#### What to do
Retype, word for word, every line from the one holding "Two Employees Of" through the one holding "7395 Olive Grv" in the entries below, both included, and only those lines.

#### Input for this task
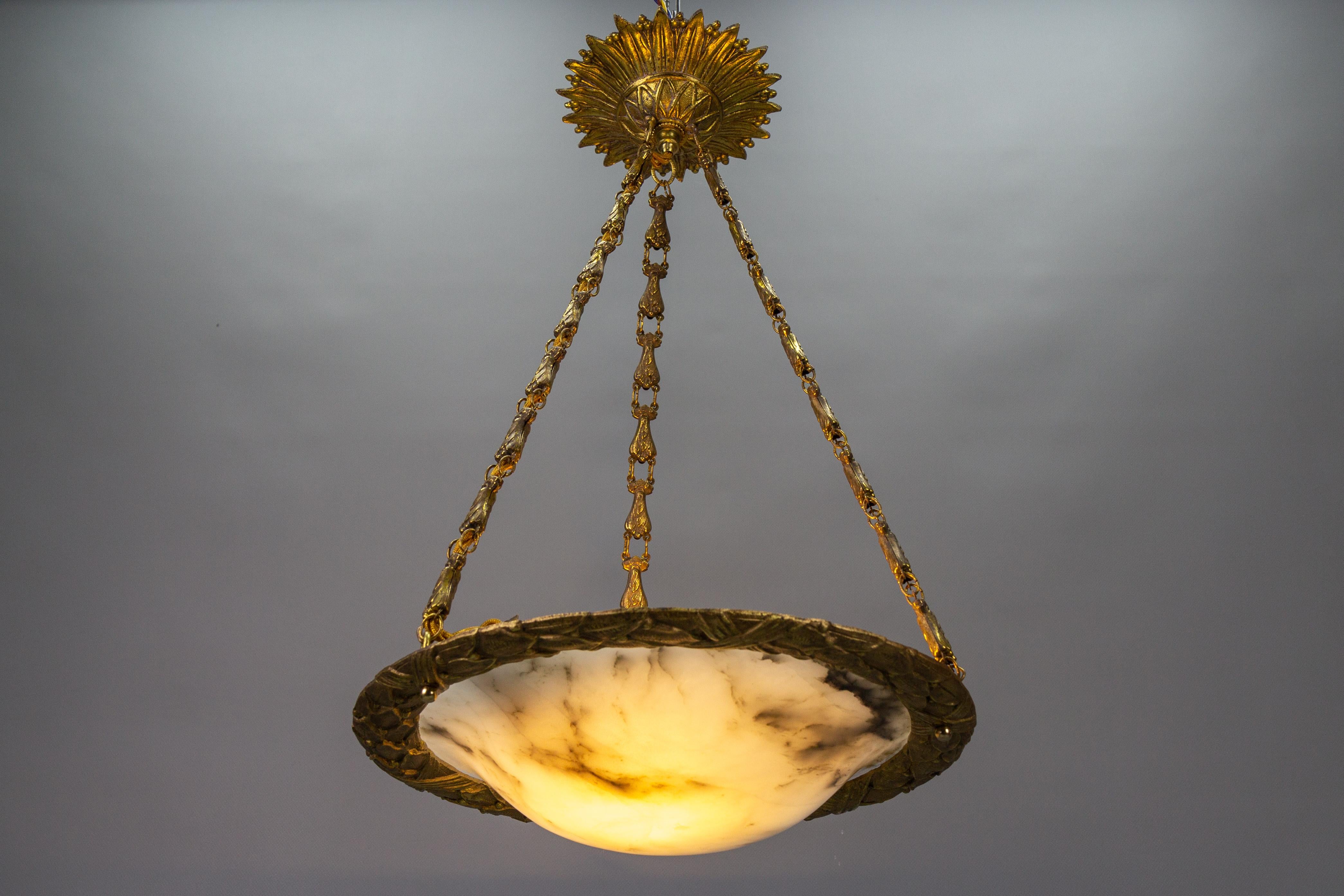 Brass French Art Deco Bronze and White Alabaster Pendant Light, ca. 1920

--

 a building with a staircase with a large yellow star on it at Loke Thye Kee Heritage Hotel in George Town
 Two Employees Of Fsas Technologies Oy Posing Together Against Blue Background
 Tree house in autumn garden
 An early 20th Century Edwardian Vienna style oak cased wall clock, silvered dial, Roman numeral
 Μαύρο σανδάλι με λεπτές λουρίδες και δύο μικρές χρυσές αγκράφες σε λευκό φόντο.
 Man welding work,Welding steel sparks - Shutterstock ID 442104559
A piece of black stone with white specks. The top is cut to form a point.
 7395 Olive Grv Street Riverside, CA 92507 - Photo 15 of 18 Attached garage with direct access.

* * *

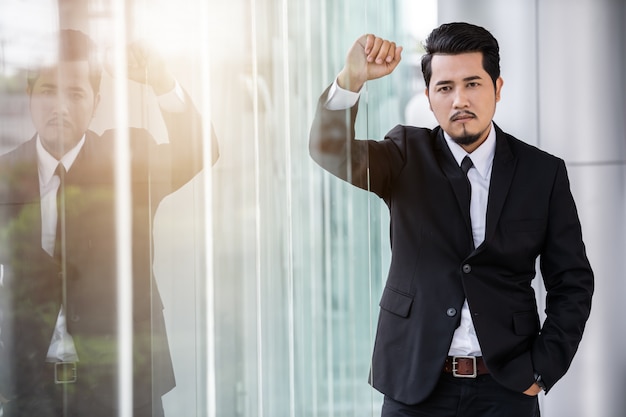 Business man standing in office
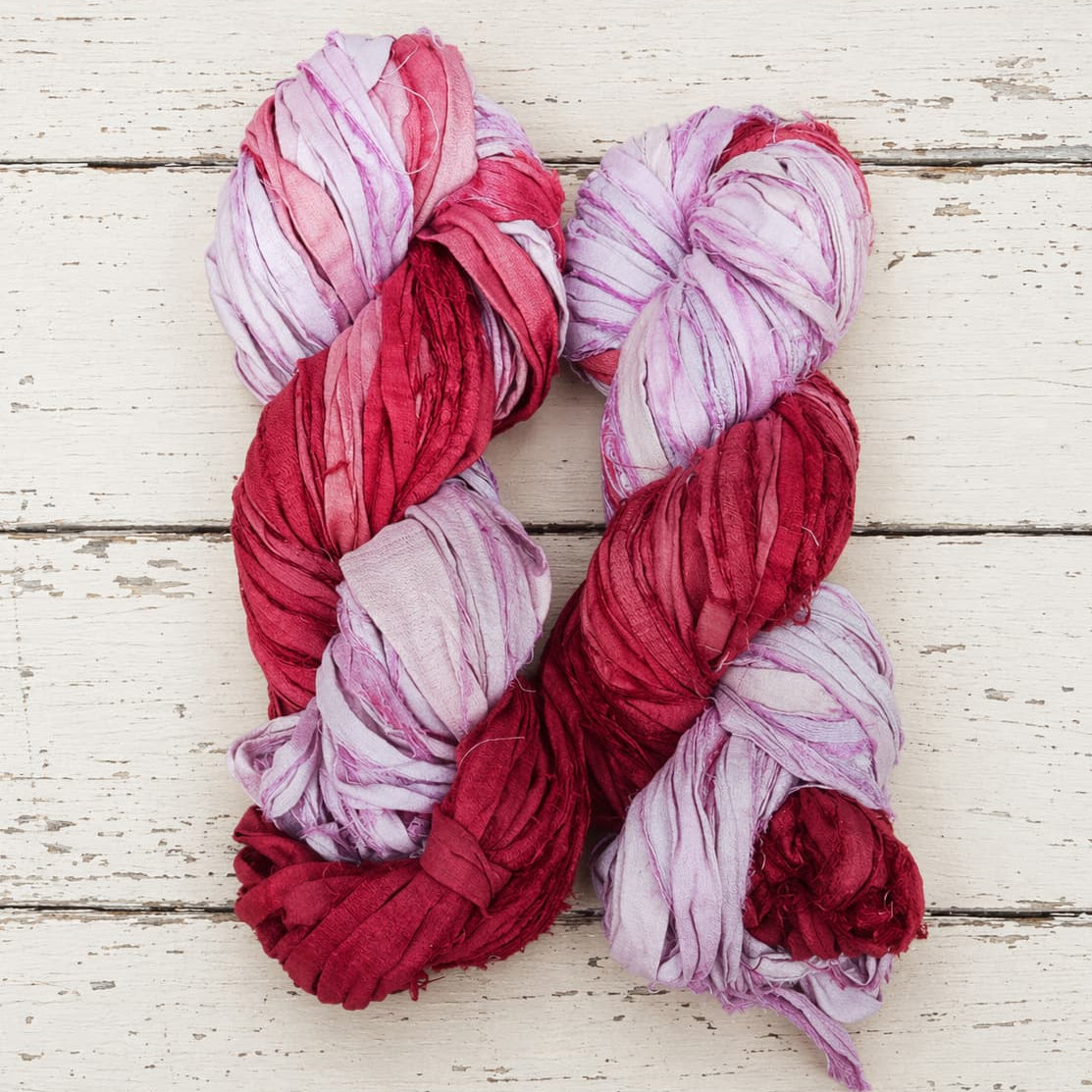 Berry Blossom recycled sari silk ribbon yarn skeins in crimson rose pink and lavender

#### Solution for this task
 Two Employees Of Fsas Technologies Oy Posing Together Against Blue Background
 Tree house in autumn garden
 An early 20th Century Edwardian Vienna style oak cased wall clock, silvered dial, Roman numeral
 Μαύρο σανδάλι με λεπτές λουρίδες και δύο μικρές χρυσές αγκράφες σε λευκό φόντο.
 Man welding work,Welding steel sparks - Shutterstock ID 442104559
A piece of black stone with white specks. The top is cut to form a point.
 7395 Olive Grv Street Riverside, CA 92507 - Photo 15 of 18 Attached garage with direct access.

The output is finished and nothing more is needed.